→ **WHAT YOU ARE ASKED TO DO**: Images are not part of the copy; write out the rest of the data exactly as given.

EXTRACTED ENTRIES Block Start

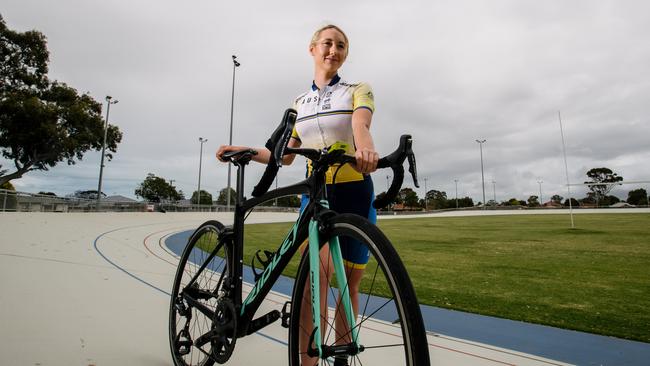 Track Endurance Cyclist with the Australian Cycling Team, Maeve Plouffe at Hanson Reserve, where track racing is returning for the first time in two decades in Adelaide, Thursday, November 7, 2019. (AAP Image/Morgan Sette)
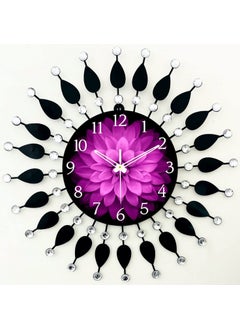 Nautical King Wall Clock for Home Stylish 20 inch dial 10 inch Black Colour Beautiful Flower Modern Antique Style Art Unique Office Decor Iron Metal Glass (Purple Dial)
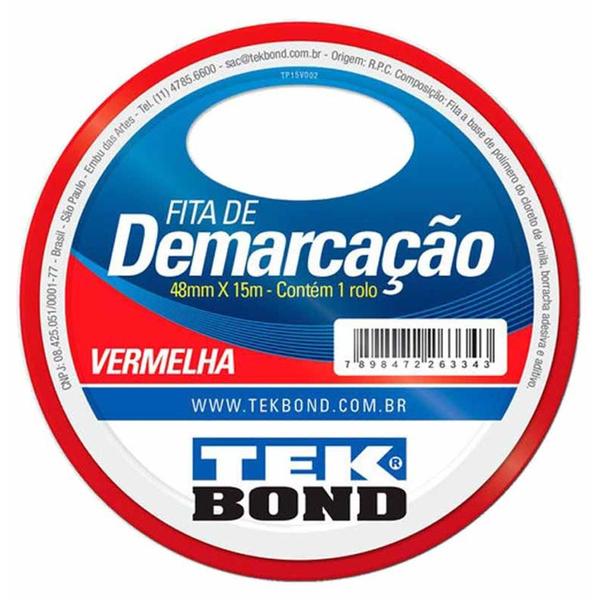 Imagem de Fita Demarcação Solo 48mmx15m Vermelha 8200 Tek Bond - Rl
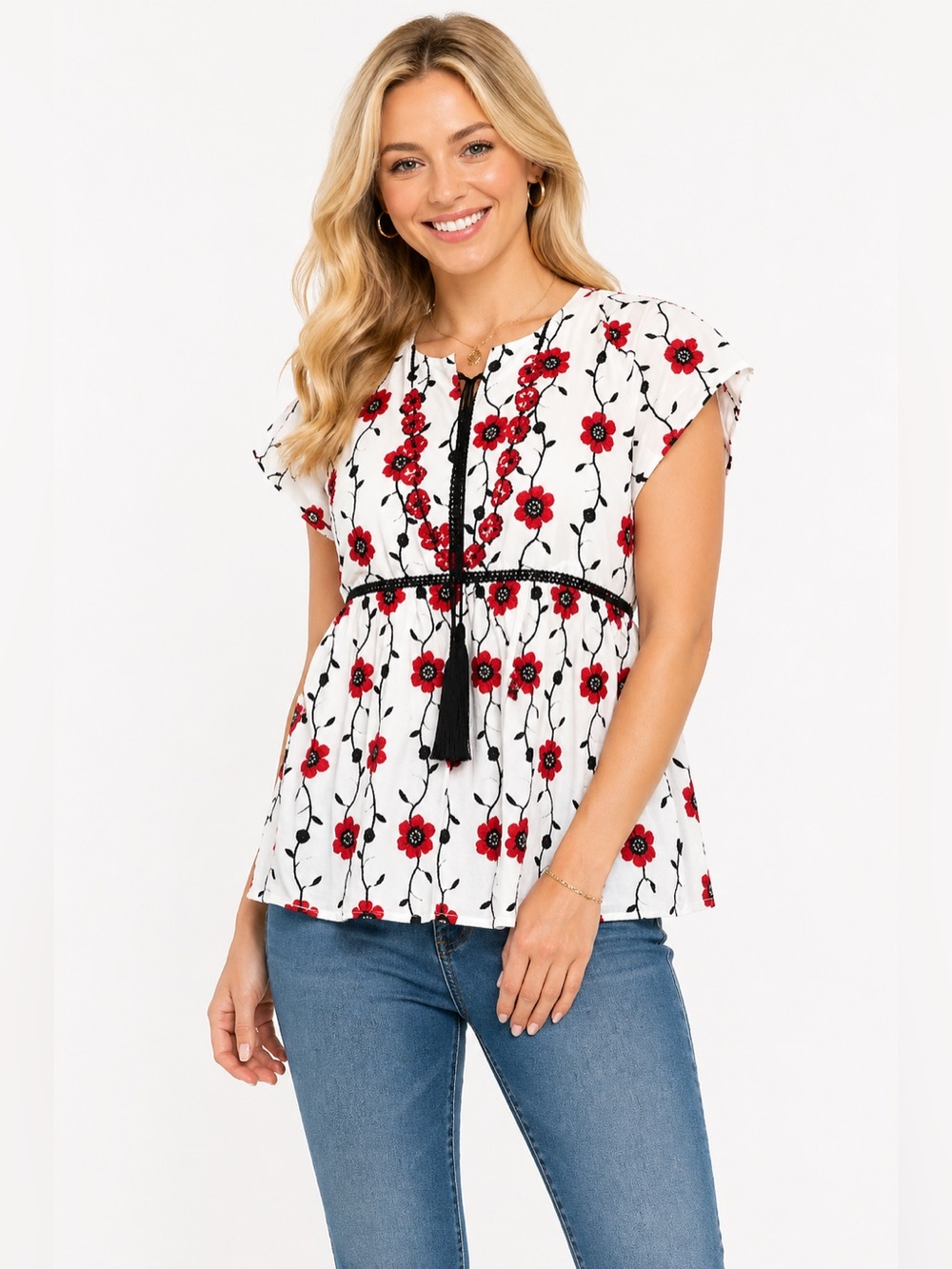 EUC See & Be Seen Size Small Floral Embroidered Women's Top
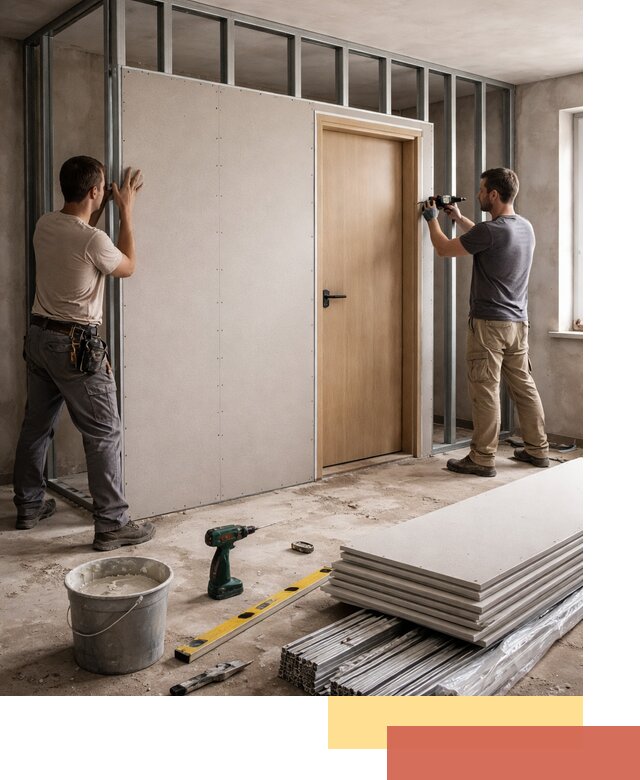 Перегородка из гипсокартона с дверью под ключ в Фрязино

EXTRACTED ENTRIES Block End

→ **SOLUTION TO THIS EXERCISE**:
 Track Endurance Cyclist with the Australian Cycling Team, Maeve Plouffe at Hanson Reserve, where track racing is returning for the first time in two decades in Adelaide, Thursday, November 7, 2019. (AAP Image/Morgan Sette)
 Nautical King Wall Clock for Home Stylish 20 inch dial 10 inch Black Colour Beautiful Flower Modern Antique Style Art Unique Office Decor Iron Metal Glass (Purple Dial)
 Imagem de Fita Demarcação Solo 48mmx15m Vermelha 8200 Tek Bond - Rl
 EUC See & Be Seen Size Small Floral Embroidered Women's Top
 Перегородка из гипсокартона с дверью под ключ в Фрязино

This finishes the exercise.